I have been devoting a great deal of time on my days off from waitressing to work on this new book-project that I have started. Indeed, much more time already than I've ever devoted to any project other than my college thesis, which after the first few months became, at its worst moments, downright painful. The best thing about the project I am pursuing now is that, at its worst, I feel so overwhelmed with respect for the topic that I feel wholly unqualified to write about it; at its best, I feel like saying a thousand things at once and can't seem to limit myself to saying any one thing clearly. The only way I can work at all is to strike a happy medium between these two states, at which point the floodgates open and words pour forth. This is not at all a bad position to be in when it comes to writing a book, it seems to me.

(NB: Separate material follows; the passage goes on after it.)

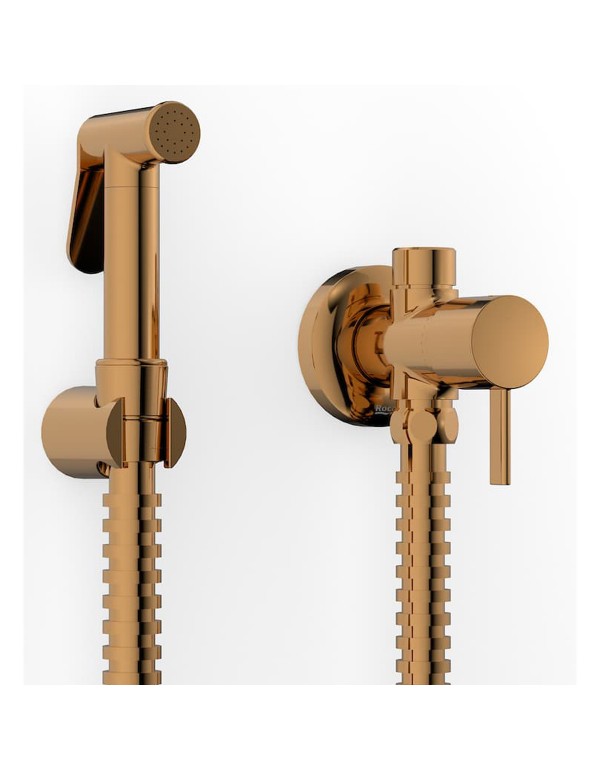 Ducha higiênica com Derivação Roca Ona Rose Gold A5A789ERGC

I have noticed, in the process of writing and outlining its various chapters, that I use a good number of experiences and examples from my life pre-witchcraft. At first, this didn't strike me as at all odd, since really, I haven't been practicing witchcraft intentionally for all that long, really. I certainly don't have decades under my belt the way some others do. But when I stop to think about just how powerful and relevant some of my experiences have been, especially those from early childhood, I feel eerily pleased that this type of work has been in my nature seemingly all-along. (It also leads me to wonder, once I finish this book and present it to my parents to explain "what the hell I'm doing with my life" at the moment, just how surprised they will be, or if they'll smile, shrug and say, "We knew this already--now get a real job.") Along these lines, I wanted to share a childhood memory here, since I was reminded of it the other day but I'm not sure I'll be able to use it as an example in the book itself. Please do enjoy.
When I was in third-grade, I somehow got it into my head that I could call seagulls. I grew up in Lancaster county, nowhere near an ocean or any large body of water, but we were graced with a few gulls here and there during certain times of the year. I can only guess that they must have made their way up the Susquehanna, but however they managed it, I took their presence almost for granted as kid. And so, one day, I decided that I could call them. I took my lunch outside to the playground with the other children, and set off for the field that stretched out behind our school. I tossed up grapes and little bits of bread, flinging them high into the air, and calling to them a call that I cannot now remember, but which to my seven-year-old mind was very specific and meaningful to gulls. (It probably went something like, "Food! Seagulls, here's food!") Amazingly, they came. At first, one or two, then a few more. There didn't have to be a single gull in sight when I began, but after fifteen minutes, the whole sky was shadowed with wings, swooping and circling (and, also amazingly, never once pooping on my little girl head).
For about a month, everyday I went to the field and called the gulls. I protected them fiercely from the little boys who liked to torture them by running screaming into a flock that had settled. I can only imagine what the other children must have thought, watching me surrounded by birds, laughing and calling and wasting my food instead of playing on the jungle gym or jumping rope. Honestly, thinking back, I don't know why I did it, or why I did it alone. Didn't I have any friends in grade school? (Don't answer that. ;) Eventually, a teacher told my parents that I was feeding my lunch to the birds instead of eating it, and my father told me to stop it. I tried explaining to him how great it was and how much fun, but he wouldn't believe me. I finally convinced him, as well as my little brother, to come with my to the park one day and watch me call them. With my father's doubt and disapproval, I called, but the gulls did not come. Perhaps, would not come. After half an hour of trying, my dad gave up and went home, telling me if I wasted my lunch again, I would be in big trouble. I lingered in the park, wondering why the gulls had left... As I finally walked back up the block to my house, I saw a single seagull drifting low along the trees. I ripped off a bit more bread and tossed it up to her. She caught the bread mid-air, then swooped off out of sight. I never tried calling the gulls again.
What I find so fascinating about this particular memory is that it seemed so unremarkable at the time, even natural. It was obvious that the birds were responding to the food, and not to me, so no one thought anything of it. But still, no one else seemed to be able to do it, either. Thinking back, I can't help but wonder if the seagulls were, in some respects, responding to me and to my call, and not just to the sight of food (after all, gulls don't normally hunt by picking crabs or fish out of mid-air). It is the kind of experience that, as an adult witch, I would revel in, citing it as proof of my humble connection to nature, my intuitive sense of oneness with the earth and the oceans. As a child, it was simply fun and comforting (perhaps I did not have many friends, perhaps I ate lunch alone and the gulls became, for that short month, my companions and confidants). Above all, it is a memory of an act that a child could get away with, but an adult is very often cut-off from. It is a reminder that we knew a great many things as children, about healthy priorities and spontaneous play. It is a reminder to seek out and renew those childhood intuitions, even when the "real world" is admonishing us to be practical, reasonable and normal.